SOCIAL MEDIA

Saturday 30 April 2016

John Whaite's Fried Butter Beans and Avocado ( plus... pictures from the shoot - Perfect Plates in 5 Ingredients)



I'm not usually one to brag, however, on this one occasion you'll find that this isn't the case as I have quite a bit of stored up information which I can now finally off load to you all. Aahhhh! (Can you hear my sigh of relief?)


Firstly, I can announce that I came 2nd in this year's Pink Lady Food Photographer Of The Year for the young 15-17 category. My photo - 'A Handful of Raspberries' was picked out by the illustrious panel of industry experts from the thousands of worldwide entries (over 7,000 entries to be precise!) and I was lucky enough to be invited to the Mall Galleries in London for the Finalist Awards evening, held on the 26th April 2016. It was a great experience in itself and to be in the same room alongside some of my idols (David Loftus- Jamie Oliver's food photographer, and Jay Rayner) was certainly a highlight for me! You can view my photo alongside all the other 2016 finalists' here. But if you do have a chance I would really recommend visiting the Mall Galleries, it's open to the public for a free exhibition but hurry as it's only there till the 1st May. 

On another note, this seems like ages ago now, but way back before Christmas time, John Whaite kindly invited me for work experience on shoot for his latest cookbook - 'Perfect plates in 5 Ingredients', published just this month. I picked up invaluable tips and tricks on cooking, food styling and photography, as well having a right good laugh and being able to try every dish going! It went to waste otherwise and so it would be rude not to really...

 Below are a few snapshots from my time spent with everyone on shoot for the book. 

Props...props...props

John and me
LOTS AND LOTS of ingredients on standby - trying out a front book cover shot
John's latest book is pared back but plentiful, from breakfasts to puddings, there's a dish fit for every moment and mood, the brilliant part is that each recipe only requires 5 ingredients (apart from what we call essentials - salt, pepper etc...) but imagine how much of a time saver this is! I always sigh whenever I see a long list of ingredients because firstly I have to check I have them all, and if not - go and buy it, then weight it all out. Effort. 5 ingredients makes everything so much more simpler and that's what's perfect about it.

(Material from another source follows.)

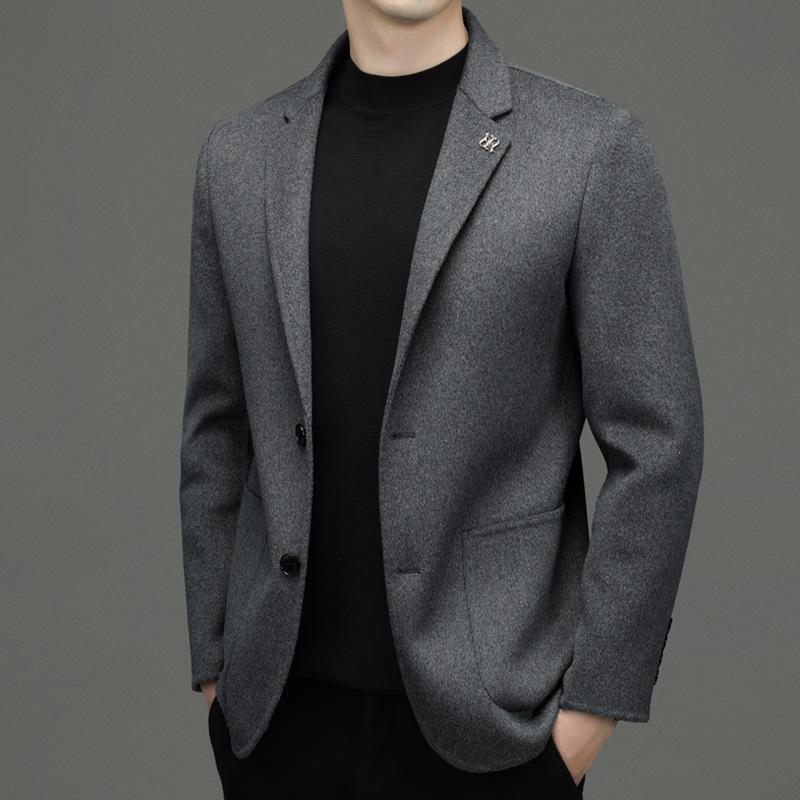 Осенне-зимнее кашемировое двухстороннее шерстяное пальто для мужчин среднего возраста, короткое повседневное шерстяное пальто с воротником из костюма 195
Осенне-зимнее кашемировое двухстороннее шерстяное пальто для мужчин среднего возраста, короткое повседневное шерстяное пальто с воротником из костюма 195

Photographer Helen Cathcart hard at work

From literally making my way one spoonful at a time through every recipe in this book, there's this one (Fried Butter Beans and Avocado) that I couldn't wait to try out at home. Mainly because I love a good brunch recipe and it's got avocado's in it!! All good brunch recipes have just got to include avocado in some form or another right?!

In essence, I like the fact that it's another veggie alternative to the classic fry up, wholesome and filling and I'd say healthier too. 


Recipe by John Whaite from Perfect Plates in 5 Ingredients

Fried  Butter  Beans  and  Avocado

Serves 2

Ingredients:

1 medium red onion
400g can butter beans
1 garlic clove
1 ripe Hass avocado
About 4 teaspoons sherry vinegar

Essentials:
50g unsalted butter
sea salt
black pepper

Method

Peel and halve the onion, then slice it as finely as you can manage. In a frying pan heat half the butter over a low gentle heat and when it melts, add in the sliced onion. Add a pinch of salt and 1 tsp of the sherry vinegar. Allow the onions to cook gently and caramelise until soft but not coloured, for about 20 minutes, stirring occasionally. 

Once the onion has cooked, put them aside in a small bowl and then drain the butter beans. Peel and mince the garlic and add it to the frying pan with the drained beans and remaining butter. Fry over a medium heat, tossing frequently until the beans are tender and coloured partially. 

Slice the avocado in half, remove the stone and scoop out the flesh with a spoon. Roughly chop the avocado into pieces. Add the avocado to the pan with the cooked onions and fry for a few minutes longer. Serve onto plates and sprinkle over salt and pepper along with a drizzle of the remaining vinegar to taste.